Sudaryatmo menambahkan, para pengusaha ritel dan industri minol perlu meningkatkan pengendalian konsumsi minol dengan memberikan edukasi yang berdampak bagi masyarakat. "Ritel harus menyediakan informasi kepada konsumen, terkait bahan yang digunakan, kandungannya, hingga dampak konsumsinya kepada masyarakat. Itu contoh edukasinya," jelasnya.

Adapun, edukasi tersebut dapat diberikan pemerintah dengan menggunakan dana hasil pengenaan cukai minol yang cukup tinggi besarannya, yakni mencapai Rp6 triliun dalam Rancangan Anggaran Pendapatan dan Belanja Negara (RAPBN) 2017.

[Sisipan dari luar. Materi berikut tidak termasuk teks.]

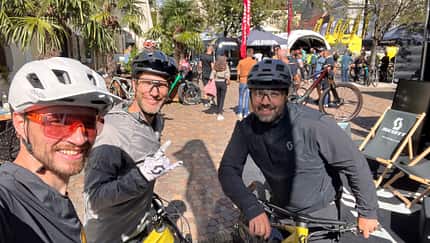 Das war mein Bike-Jahr 2023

Bila DPR tetap bersikeras melakukan pelarangan, YLKI justru menantang DPR untuk sekaligus melakukan pelarangan terhadap tembakau. Pasalnya, minol dan tembakau sama-sama dikenakan cukai. "Alkohol dilarang tapi tembakau tidak, padahal keduanya dikenakan cukai, berani tidak DPR melarang tembakau juga?" tandasnya.

Sementara, Grup Industri Minuman Malt Indonesia (GIMMI) memastikan RUU tentang Larangan Minuman Beralkohol dapat mengganggu iklim investasi di Indonesia. Executive Commitee GIMMI Ronny Titiheru memastikan, aturan yang belum jelas ini membuat tidak adanya kepastian hukum untuk menjamin minat investor di sektor industri minuman. "Mereka akan menganggap industri yang sudah 85 tahun saja bisa terancam tutup dengan RUU ini. Ini membuat investor akan berpikir lagi untuk investasi di kita," ujar Ronny.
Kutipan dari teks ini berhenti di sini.